For that matter, what will our own courts say? Next spring conservative State Supreme Court Justice Jon Wilcox will be retiring. His successor may indeed be the deciding vote on whether gay marriage will be legalized in Wisconsin.

It’s instructive to watch Tate in action, and again I point out it’s the result of the tough position he is in. When he’s not misstating the solidity of Wisconsin’s marriage law, he argues anecdotally how unfair the current law is. He brings up cases, sad to be sure, of longtime same-sex couples who have struggled at some crisis point in their lives to overcome the limits of current law. But those are cases for overturning existing law, not of defending it, and so we see the real agenda of those organized in opposition to the proposed amendment to define marriage.

And in those anecdotal cases, Tate would do more long-term good in pursuing changes in the laws to make hospital visitation rights and the assigning of medical decision making more accessible to same-sex couples.
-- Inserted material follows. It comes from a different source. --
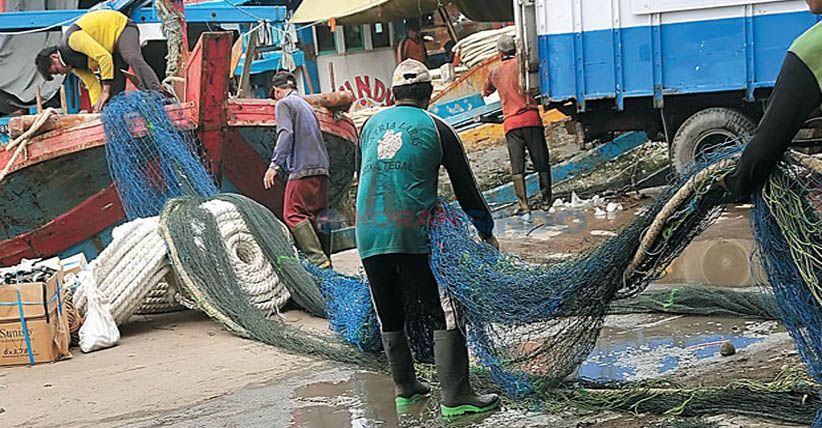 Nelayan Tegal Protes Pembatasan Kapal Cantrang Hanya di Laut Jawa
He would find more allies from both sides of the aisle who would be willing to make those changes than he ever will for making same-sex marriage legal.

But those hardship cases are not his motivation, and the democratic route is not one he is interested in pursuing. As he demonstrated repeatedly Monday night, Tate’s goal in defeating the marriage amendment is to preserve the option of imposing gay marriage through the courts.

Which is why I was struck with some amusement as he repeatedly charged Julaine Appling of the Family Research Institute of Wisconsin, his debate opponent for the evening, of attempting some sort of intellectual fraud in pushing for the amendment. He repeatedly accused her of plotting court cases that would abolish the right to private contracts, whether the contract is between an employee and employer or between two individuals.

But the intellectual deception Tate engaged in is easily transparent upon examination, and if I was pessimistic prior to Monday night I am definitely more optimistic now about the amendment’s passage.